══ Records for processing ══

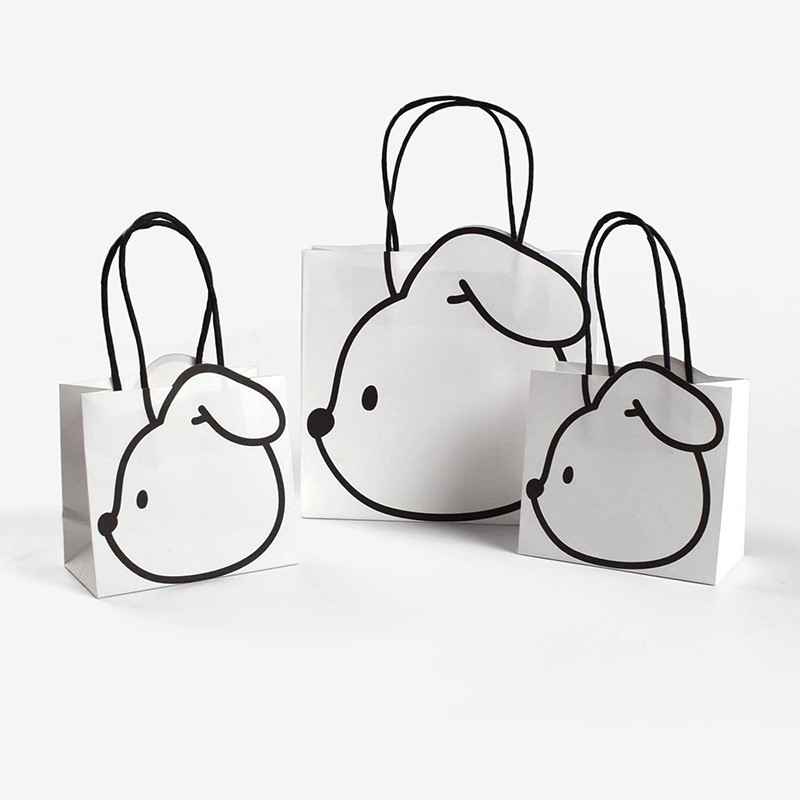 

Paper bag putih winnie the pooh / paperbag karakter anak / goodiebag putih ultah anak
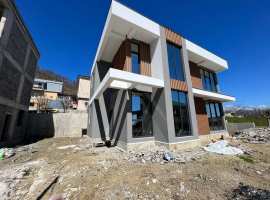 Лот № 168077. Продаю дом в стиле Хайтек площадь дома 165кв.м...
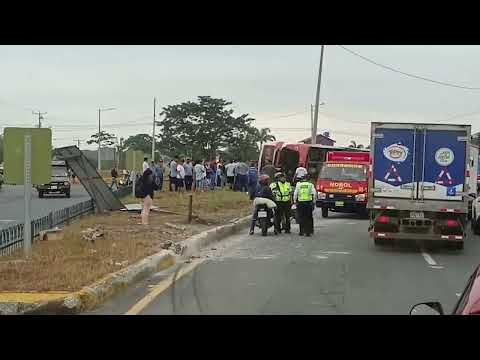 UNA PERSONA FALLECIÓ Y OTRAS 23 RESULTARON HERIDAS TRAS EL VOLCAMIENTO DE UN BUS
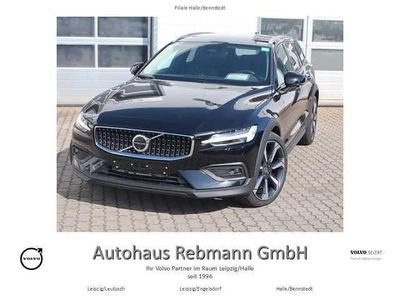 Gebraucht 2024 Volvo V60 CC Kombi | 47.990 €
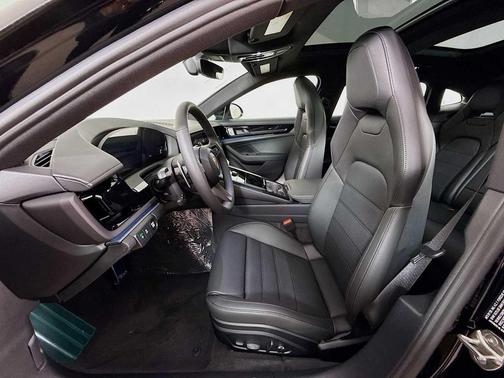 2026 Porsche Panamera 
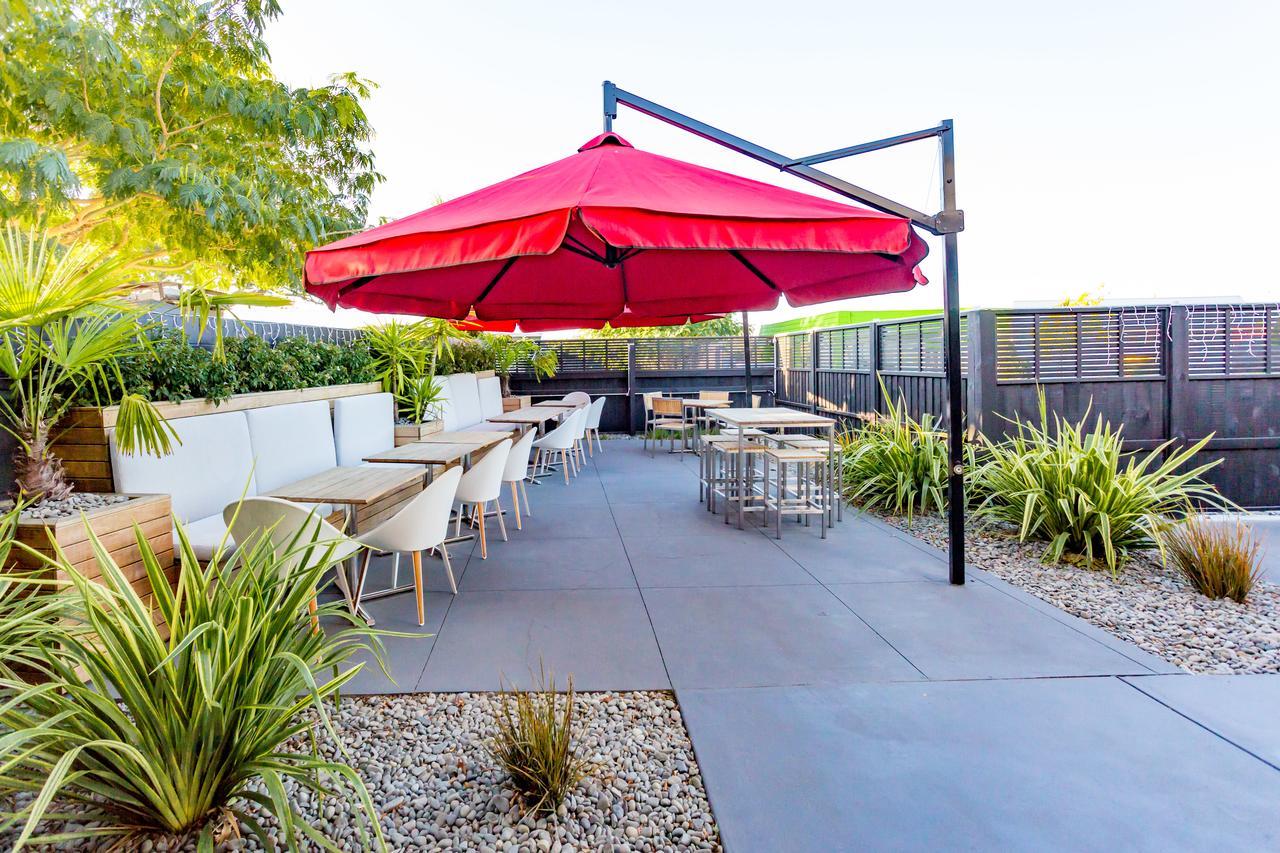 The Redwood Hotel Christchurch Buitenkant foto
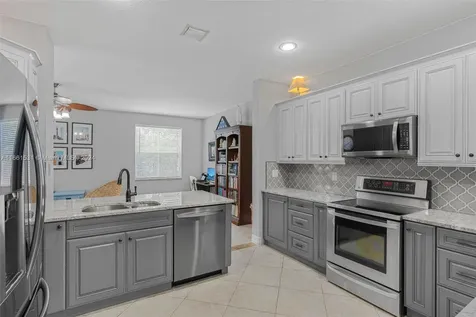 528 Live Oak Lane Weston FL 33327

═══

Task details:
With the pictures omitted, print precisely the lines from the one with "2026 Porsche Panamera" to the final line of the records, both included.

Solution for this problem:
 2026 Porsche Panamera 
 The Redwood Hotel Christchurch Buitenkant foto
 528 Live Oak Lane Weston FL 33327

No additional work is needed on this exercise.